Istiqamah adalah menjalankan segala perintah dan menjauhi semua larangan. Hadits ini bersumber dari firman Alloh ‘Aza wa Jalla :


"Sesungguhnya orang-orang yang berkata, 'Rabb kami adalah Alloh,' kemudian mereka meneguhkan pendirian mereka, maka malaikat-malaikat akan turun kepada mereka (dengan berkata), 'Janganlah kamu merasa takut dan janganlah kamu bersedih hati; dan bergembiralah kamu dengan (memperoleh) syurga yang telah dijanjikan kepadamu'."
[QS. Fushshilat: 30].
Hadits tersebut diatas menunjukkan, hal terbesar yang membinasakan manusia adalah lisan.
Al-Aquli berkata, "Kekhawatiran dikaitkan dengan lisan karena lisan adalah kendali manusia."


Dari Ibnu Umar radhiyallahu'anhuma, ia berkata, "Rasulullah Shallallahu 'alaihi wasallam bersabda, 'Janganlah kalian memperbanyak perkataan selain dzikir kepada Alloh, karena banyaknya perkataan selain dzikir kepada Alloh ‘Aza wa Jalla mengeraskan hati, dan manusia yang paling jauh dari Alloh ‘Aza wa Jalla adalah yang berhati keras'."
[HR. At-Tirmidzi].


Dzikir adalah pujian untuk Alloh ‘Aza wa Jalla dan berdo'a kepada-Nya, dan dzikir yang paling mulia adalah Al-Qur'an.
Kerasnya hati adalah hati tidak tersentuh oleh nasihat, tidak menjalankan kebaikan dan tidak berhenti melakukan keburukan.


Dari Mu'adz radhiyallahu'anhu, ia berkata, "Aku berkata, 'Wahai Rasulullah, beritahukan padaku suatu amalan yang memasukkanku ke syurga dan menjauhkanku dari neraka?' Beliau bersabda, 'Kau menanyakan tentang sesuatu yang besar. Sungguh, itu mudah bagi yang diberi kemudahan Alloh; engkau beribadah kepada Alloh tanpa menyekutukan-Nya dengan apa pun, mendirikan shalat, menunaikan zakat, puasa Ramadhan, dan haji ke Baitullah.' Setelah itu beliau bersabda, 'Maukah aku tunjukkan pintu-pintu kebaikan kepadamu? Puasa itu perisai, sedekah itu memadamkan kesalahan, seperti air memadamkan api, dan shalatnya seseorang di tengah malam.' Setelah itu beliau membaca, 'Lambung mereka jauh dari tempat tidurnya, mereka berdo'a kepada Rabbnya dengan rasa takut dan penuh harap, dan mereka menginfakkan sebagian dari rizki yang Kami berikan kepada mereka.

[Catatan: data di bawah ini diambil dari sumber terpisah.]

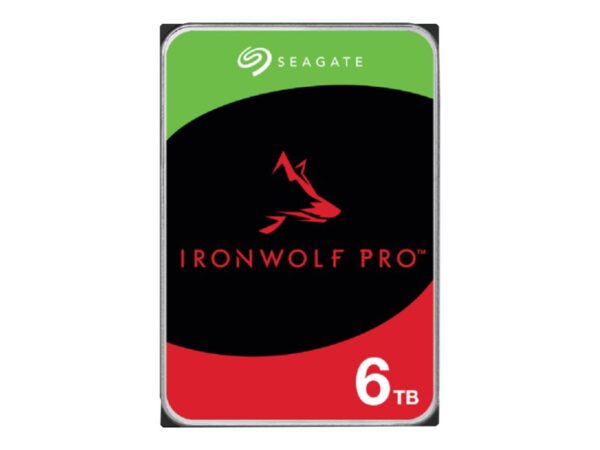 SEAGATE Ironwolf PRO Enterprise NAS HDD 6To 7200rpm 6Gb/s SATA 256Mo cache 8.9cm 3.5p 24×7 for NAS & RAID Rackmount systems BLK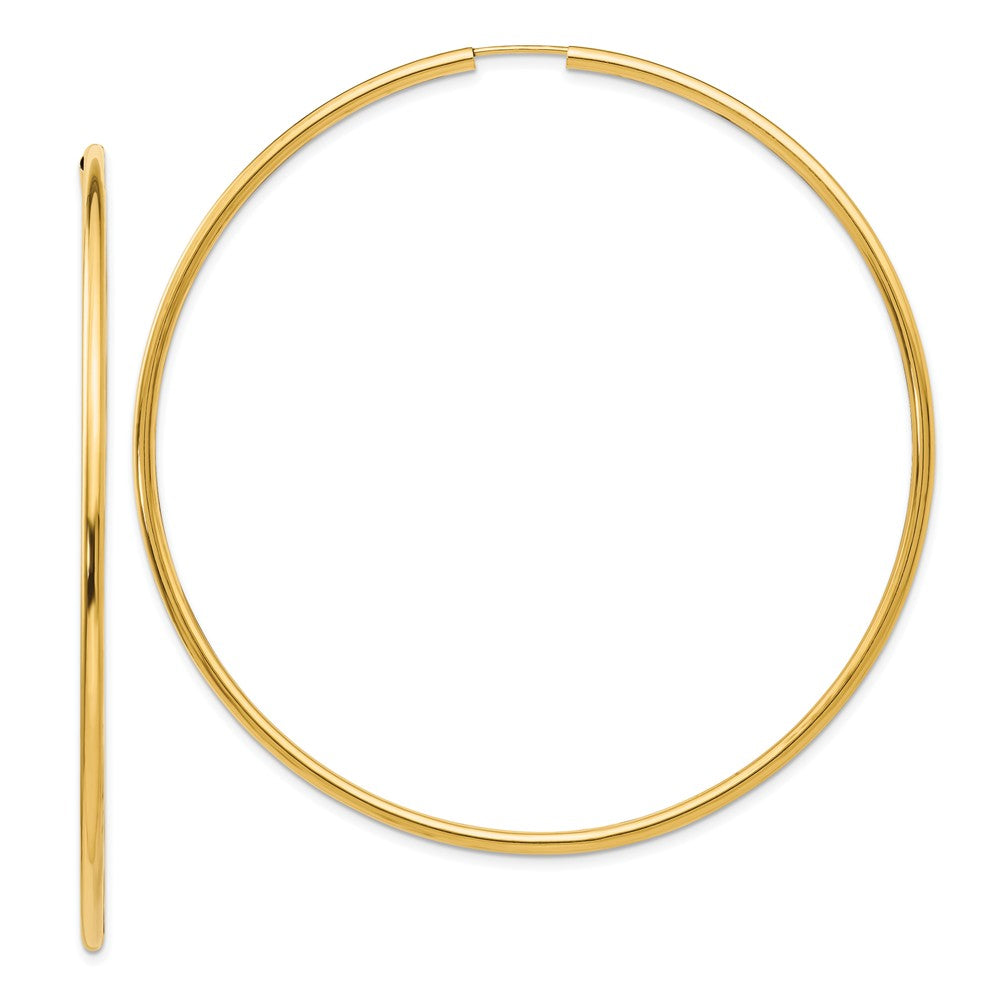 2mm x 75mm 14k Yellow Gold Polished Endless Tube Hoop Earrings, Item E13227 by The Black Bow Jewelry Co.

Maka tidak seorang pun mengetahui apa yang disembunyikan untuk mereka yaitu (bermacam-macam nikmat) yang menyenangkan hati sebagai balasan terhadap apa yang mereka kerjakan.' (QS. As-Sajdah: 16-17) Setelah itu beliau bertanya, 'Maukah aku beritahukan padamu asas, tiang, dan puncak urusan (agama)?' Aku menjawab, 'Tentu, wahai Rasulullah.' Beliau bersabda, 'Asas urusan (agama) adalah Islam, tiangnya adalah shalat, dan puncaknya adalah jihad.' Setelah itu beliau bersabda, 'Maukah aku beritahukan padamu tiang semua itu?' Aku menjawab, 'Tentu, wahai Rasulullah.' Beliau kemudian memegang lisan dan bersabda, ‘Tahanlah (lisan) mu!' Aku bertanya, 'Wahai Rasulullah, apakah kita dihukum karena apa yang kita bicarakan?' Beliau menjawab, 'Semoga ibumu kehilanganmu!’ (secara tekstual berarti do'a kematian, namun ini bukan yang dimaksud. Yang dimaksud adalah untuk mengingatkan dari kelalaian dan membesarkan suatu hal), manusia ditelungkupkan di neraka di atas wajah-wajah mereka tidak lain disebabkan oleh hasil dari lisan mereka'."
[HR. At-Tirmidzi dan berkata, "Hadits ini hasan shahih."].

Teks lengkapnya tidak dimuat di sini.